Why might advertisers want to know the mental health status of their users? One way they might be able to leverage that kind of knowledge is through certain comorbidities of depression. Depressed people are more likely to show symptoms of compulsive buying disorders. One study found that around 30% of participants with depression were diagnosed as compulsive buyers, and another reported that compulsive buying behavior was a strong predictor of depressive symptoms—explaining about 42% of the variance. Mental health information such as this could be valuable information for advertisers given that people with compulsive buying disorders might be more susceptible to advertisement. This kind of knowledge could create an economic incentive to allocate more money towards ads for people with a certain psychological profile.

Inferring mental characteristics for targeted advertisement might seem implausible simply from its dystopic nature. However, it would not be the first time that large corporations has proposed it. For instance, you might remember the Facebook-Cambridge Analytica scandal, wherein millions of users had their data harvested for political advertisement. Cambridge Analytica developed psychological profiles from facebook data, which was then used for targeted political ads. Meta even has a patent for a system that uses linguistic analysis on text communications to determine personality characteristics, and the patent explicitly states the intention of such a system:

“The identified personality characteristics are stored in the user’s user profile and are used to select content for presentation to the user. For example, the identified personality characteristics may be used along with other information to select news stories, advertisements, or recommendations of actions presented to the user.”

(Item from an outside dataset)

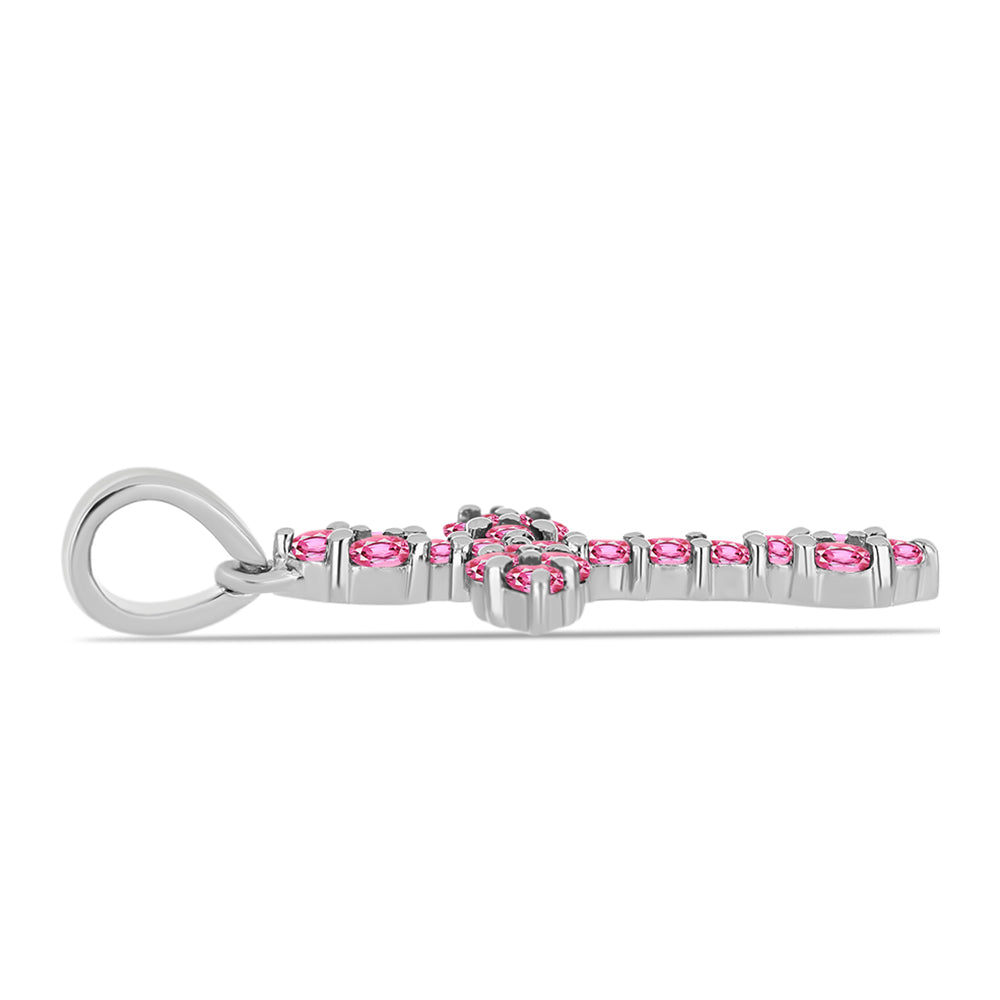 Kereszt Ezüst Medál Pelmadullai Rózsaszínű Turmalinnal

This system was never used according to Meta, but that doesn’t mean that Meta won’t use it or a similar system in the future. In fact, it seems like they have offered advertisers the possibility to target ads to teens during particularly vulnerable moments in their lives—moments when they felt “worthless,” “stressed,” or “anxious,” according to an article published in Wired.

Meta denied that they offer such services, and claimed it was only for research purposes, much like previous research on “emotional contagion” where Facebook investigated how changes in the emotional character of their news feed can manipulate users’ emotional states, and, therefore, the content that they post on their website. However, this doesn’t explain why research on the identification of young teens’ emotional states was presented to potential advertisers.

Final remarks

I don’t think the dystopian scenario I painted will be realized. From what I can tell, Google, Meta, or Apple hasn’t used keystroke logging for behavioral analysis on their platforms. It might never be a cost effective way to extract value from users considering the incredible amount of data it would require. But applications of keystroke logging in cyber security, education, and medicine show immense potential. Even in everyday use of technology, with proper consent and transparency. All in all, I think the positive possibilities significantly outweigh the potential pitfalls.

But it’s important to think about the possible consequences of new technology, or new applications of old technology. Especially today, when the traces left behind from our interactions is increasingly linked to the way companies like Google, Apple, and Meta remain profitable. Where our activity on their platforms generate data which they use to predict our behavior, influence our activity, and sell to third parties—all provided for free by users.